■ **What to work on**:
Reproduce the entries in full. Exclude all images from the copy.

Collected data
=== Section Start ===
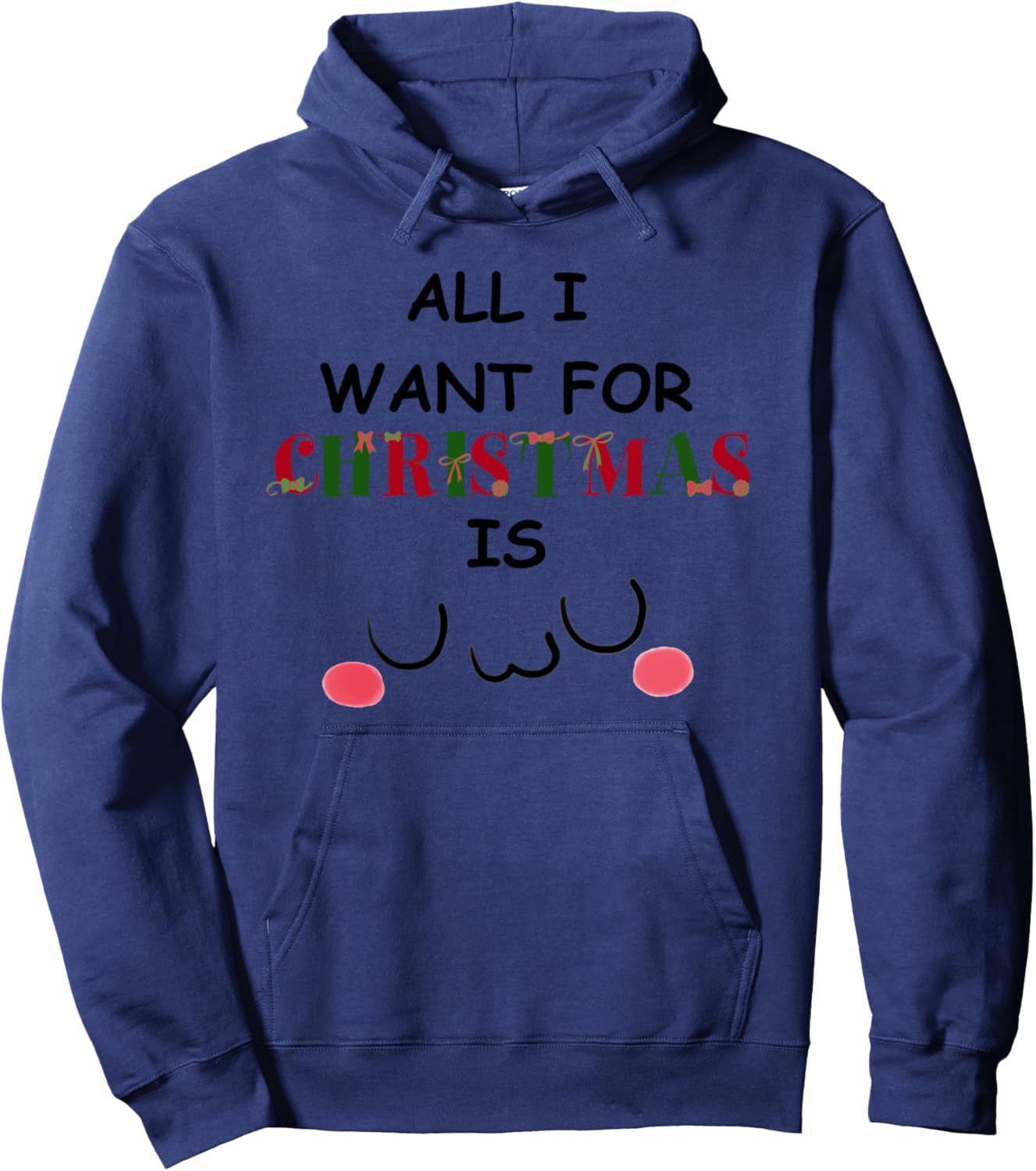 UwU Christmas - Cute Anime Pullover Hoodie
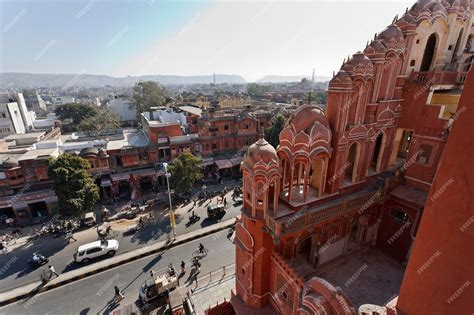 Premium Photo India Rajasthan Jaipur Palace Of Winds Hawa Mahal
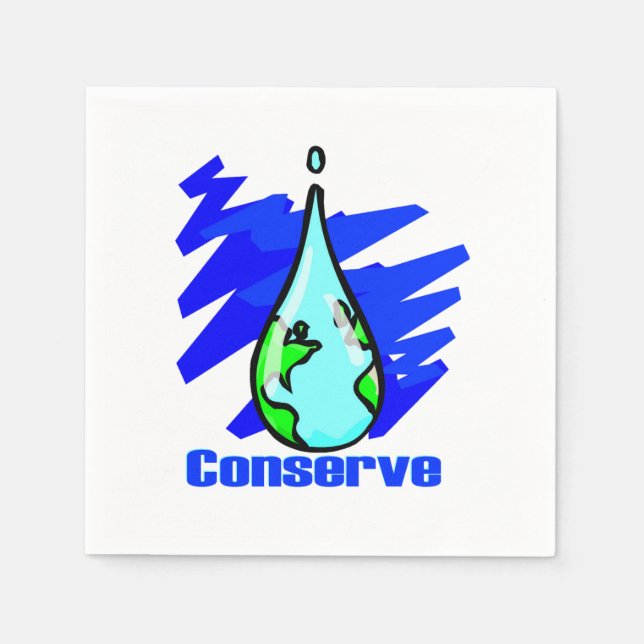 Conserve Water Napkins (Front)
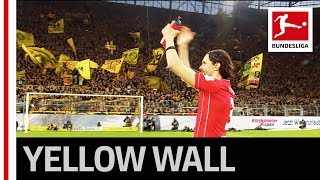 Dortmund Fans Celebrate Old Boy Neven Subotic [upl. by Irtimd]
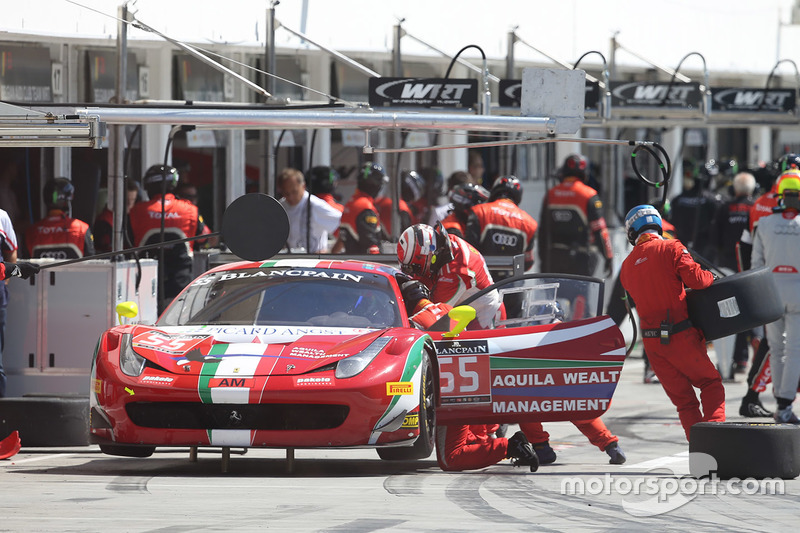 #55 AF Corse Ferrari 458 GT3: Claudio Sdanewitsch, Rino Mastronardi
=== Section End ===
■ **Exercise result**:
 UwU Christmas - Cute Anime Pullover Hoodie
 Premium Photo India Rajasthan Jaipur Palace Of Winds Hawa Mahal
 Conserve Water Napkins (Front)
 Dortmund Fans Celebrate Old Boy Neven Subotic [upl. by Irtimd]
 #55 AF Corse Ferrari 458 GT3: Claudio Sdanewitsch, Rino Mastronardi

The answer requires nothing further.